Teaching an Automatic Sit at the Door
Teaching a dog to Sit automatically at your door isn’t just a potentially life-saving activity, but is also a mighty convenient, easy to teach behavior - especially once the humans learn that they are simply changing the meaning of a signal for their dog. Our business here involves identifying that signal (standing next to the door and putting our hand on the knob, and the other actions involved with opening a door) and changing its’ meaning from “Ladies and Gentlemen, start your engines!” to “Sit.”
Let's Get Started!
I’ll assume that you’ve already taught your dog to sit successfully with distractions. Even if your pup doesn’t hold the position for very long, and even if you can’t get too far away from your dog just yet, you’ll want your dog to have an understanding of Sit until you release her from that position with a word that you’ve taught such as “Break!” or “Okay!”. You’ve also spent some time rewarding your dog for remaining in a Sit despite some distractions and slowly upping the ante as you see your dog’s understanding of “Sit (or Down) - until further notice” increase.

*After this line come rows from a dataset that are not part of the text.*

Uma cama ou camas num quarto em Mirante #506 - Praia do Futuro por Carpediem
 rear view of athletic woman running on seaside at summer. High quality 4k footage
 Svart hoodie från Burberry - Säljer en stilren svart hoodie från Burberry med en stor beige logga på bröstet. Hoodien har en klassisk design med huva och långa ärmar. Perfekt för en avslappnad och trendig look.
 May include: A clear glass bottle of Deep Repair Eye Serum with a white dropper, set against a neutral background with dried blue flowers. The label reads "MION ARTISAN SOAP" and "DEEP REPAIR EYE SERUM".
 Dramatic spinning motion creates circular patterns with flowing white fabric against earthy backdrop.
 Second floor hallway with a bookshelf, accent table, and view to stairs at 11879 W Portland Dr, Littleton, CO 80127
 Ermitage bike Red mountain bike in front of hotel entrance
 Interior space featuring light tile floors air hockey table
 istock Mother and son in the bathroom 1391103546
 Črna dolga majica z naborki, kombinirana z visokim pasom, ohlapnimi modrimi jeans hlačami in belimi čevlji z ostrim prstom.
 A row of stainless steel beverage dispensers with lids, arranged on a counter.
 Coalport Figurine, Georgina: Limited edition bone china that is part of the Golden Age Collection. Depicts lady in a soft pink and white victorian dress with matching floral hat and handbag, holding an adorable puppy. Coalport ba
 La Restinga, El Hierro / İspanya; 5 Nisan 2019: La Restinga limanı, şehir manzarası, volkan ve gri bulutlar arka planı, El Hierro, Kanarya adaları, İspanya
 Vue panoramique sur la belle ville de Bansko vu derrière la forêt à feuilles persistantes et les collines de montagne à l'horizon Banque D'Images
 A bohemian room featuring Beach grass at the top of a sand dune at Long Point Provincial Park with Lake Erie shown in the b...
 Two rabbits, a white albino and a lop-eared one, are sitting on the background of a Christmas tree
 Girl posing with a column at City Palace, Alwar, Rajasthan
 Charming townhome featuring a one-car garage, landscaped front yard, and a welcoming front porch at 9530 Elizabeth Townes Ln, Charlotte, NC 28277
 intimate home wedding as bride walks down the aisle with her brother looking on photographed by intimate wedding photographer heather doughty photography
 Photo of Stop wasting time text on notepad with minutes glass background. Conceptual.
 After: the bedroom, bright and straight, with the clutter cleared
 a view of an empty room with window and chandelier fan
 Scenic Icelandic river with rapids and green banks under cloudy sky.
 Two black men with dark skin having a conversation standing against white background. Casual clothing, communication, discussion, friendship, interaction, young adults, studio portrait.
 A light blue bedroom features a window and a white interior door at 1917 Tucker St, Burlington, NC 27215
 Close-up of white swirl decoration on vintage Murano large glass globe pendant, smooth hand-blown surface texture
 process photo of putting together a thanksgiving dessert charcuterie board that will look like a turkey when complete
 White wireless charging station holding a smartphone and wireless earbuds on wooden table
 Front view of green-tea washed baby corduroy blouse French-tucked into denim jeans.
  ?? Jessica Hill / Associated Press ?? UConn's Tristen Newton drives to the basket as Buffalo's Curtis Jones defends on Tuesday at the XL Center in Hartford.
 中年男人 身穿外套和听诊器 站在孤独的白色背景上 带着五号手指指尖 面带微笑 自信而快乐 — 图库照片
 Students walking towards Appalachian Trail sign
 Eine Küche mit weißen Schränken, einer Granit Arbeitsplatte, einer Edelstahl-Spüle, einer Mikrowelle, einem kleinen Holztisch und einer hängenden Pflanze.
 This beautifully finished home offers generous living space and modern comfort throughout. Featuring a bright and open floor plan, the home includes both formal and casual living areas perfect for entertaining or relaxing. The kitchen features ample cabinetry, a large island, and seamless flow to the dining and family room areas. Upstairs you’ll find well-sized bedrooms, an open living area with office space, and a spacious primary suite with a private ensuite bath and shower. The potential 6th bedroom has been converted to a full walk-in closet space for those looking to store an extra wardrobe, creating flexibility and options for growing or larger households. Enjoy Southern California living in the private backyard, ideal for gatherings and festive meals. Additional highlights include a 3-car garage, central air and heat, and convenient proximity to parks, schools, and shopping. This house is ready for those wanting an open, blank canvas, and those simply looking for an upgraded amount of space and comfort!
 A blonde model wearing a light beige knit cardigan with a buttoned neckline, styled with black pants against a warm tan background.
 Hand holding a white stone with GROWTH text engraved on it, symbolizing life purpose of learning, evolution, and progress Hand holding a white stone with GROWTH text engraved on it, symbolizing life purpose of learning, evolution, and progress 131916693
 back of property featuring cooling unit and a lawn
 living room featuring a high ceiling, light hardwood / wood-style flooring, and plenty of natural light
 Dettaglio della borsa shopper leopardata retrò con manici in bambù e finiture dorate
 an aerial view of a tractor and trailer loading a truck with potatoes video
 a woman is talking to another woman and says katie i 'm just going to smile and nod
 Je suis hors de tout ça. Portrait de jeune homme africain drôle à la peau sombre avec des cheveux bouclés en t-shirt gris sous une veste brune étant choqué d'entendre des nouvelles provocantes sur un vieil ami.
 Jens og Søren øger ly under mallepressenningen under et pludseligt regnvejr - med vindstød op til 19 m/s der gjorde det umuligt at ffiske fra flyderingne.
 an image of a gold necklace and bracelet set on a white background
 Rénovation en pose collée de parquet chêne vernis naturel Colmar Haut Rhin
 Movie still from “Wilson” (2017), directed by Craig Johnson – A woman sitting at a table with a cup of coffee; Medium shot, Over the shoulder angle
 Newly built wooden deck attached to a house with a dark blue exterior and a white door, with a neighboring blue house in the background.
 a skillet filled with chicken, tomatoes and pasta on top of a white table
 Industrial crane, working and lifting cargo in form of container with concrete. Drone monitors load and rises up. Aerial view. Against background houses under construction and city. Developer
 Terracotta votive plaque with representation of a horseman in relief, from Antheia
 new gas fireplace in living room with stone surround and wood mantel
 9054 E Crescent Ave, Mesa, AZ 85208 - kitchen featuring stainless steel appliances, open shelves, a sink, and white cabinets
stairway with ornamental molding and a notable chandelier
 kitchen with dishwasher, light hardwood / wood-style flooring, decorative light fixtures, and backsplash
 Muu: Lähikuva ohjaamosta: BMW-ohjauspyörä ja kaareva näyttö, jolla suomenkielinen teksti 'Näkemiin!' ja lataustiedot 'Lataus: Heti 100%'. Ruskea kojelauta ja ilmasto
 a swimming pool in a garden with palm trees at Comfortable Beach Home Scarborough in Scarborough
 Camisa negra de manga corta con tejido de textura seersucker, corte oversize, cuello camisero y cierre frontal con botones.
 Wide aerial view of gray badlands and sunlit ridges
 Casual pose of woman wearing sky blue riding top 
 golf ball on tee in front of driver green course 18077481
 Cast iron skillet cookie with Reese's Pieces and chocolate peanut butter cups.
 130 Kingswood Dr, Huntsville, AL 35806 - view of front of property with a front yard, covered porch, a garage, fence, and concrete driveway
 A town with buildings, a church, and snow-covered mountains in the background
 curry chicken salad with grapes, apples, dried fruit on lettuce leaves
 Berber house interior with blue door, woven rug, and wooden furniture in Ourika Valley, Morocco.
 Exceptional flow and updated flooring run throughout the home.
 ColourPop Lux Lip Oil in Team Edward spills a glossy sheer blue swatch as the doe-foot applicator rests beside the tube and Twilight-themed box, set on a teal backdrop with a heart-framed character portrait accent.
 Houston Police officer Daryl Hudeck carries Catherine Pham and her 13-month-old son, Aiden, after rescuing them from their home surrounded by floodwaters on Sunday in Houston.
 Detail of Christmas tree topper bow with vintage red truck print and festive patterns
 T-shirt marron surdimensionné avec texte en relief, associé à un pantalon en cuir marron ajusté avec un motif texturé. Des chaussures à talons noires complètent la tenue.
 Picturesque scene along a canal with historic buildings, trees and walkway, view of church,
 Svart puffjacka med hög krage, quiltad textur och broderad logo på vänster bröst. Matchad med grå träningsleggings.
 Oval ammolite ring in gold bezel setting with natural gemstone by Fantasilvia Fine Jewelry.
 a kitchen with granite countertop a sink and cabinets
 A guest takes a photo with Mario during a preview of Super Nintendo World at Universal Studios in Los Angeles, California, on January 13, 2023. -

Prepare training treats; pick a quiet area to train in without many distractions. Using a closet door for this first stage is a wise move as the magnetic lure of a possible walk outside may be too powerful for your dog at this juncture.
Get some Sits going at your location. Reward your pup for sitting at this new place, and don’t forget to practice releasing your dog from the Sit during this session, too.
Position yourself at your door so that you’ve got one hand for the distribution of treats and for giving the hand signal for Sit, keeping your other hand free. Now, cue your dog to Sit - as he does, simultaneously touch the doorknob and - if your dog is still sitting - feed your dog. If your dog gets up, take your hand off the doorknob and wait for a Sit. Repeat this a few times - your dog should be correct 80% of the time before you move on. (Bob Bailey)
4. “But - My dog got up!” Just freeze. Try to not reprimand, scold, or “eh-eh!”. Just take your hand off the doorknob and freeze in position until your dog Sits again. Then, go right back to reinforcing that Sit as you rest your hand on the door. I don’t fret when my dog makes this mistake - it’s part of the learning process, and my clear feedback will get this mistake to go away.
Next : Proof it. Proofing means, “Add in more distractions.” I love this part of teaching the Stay behavior because my students tend to get very creative! They hop around on one foot, sing, dance, and do all kinds of nutty things to test their dog’s understanding of Sit and Stay. In this process, a logical next step would be to try rattling the doorknob to see if that makes your dog get up. If she does, follow the directions in the previous paragraph. If not, repeat this bit and then take a brain break with your dog if you haven't yet.
Remember : don't be afraid of mistakes. You want your dog to make a few - the consequence of the mistake is that the door closes, the treats stop being delivered, and you freeze. Mistakes are part of learning and show that your dog is trying her best (as they always are) to understand what you want.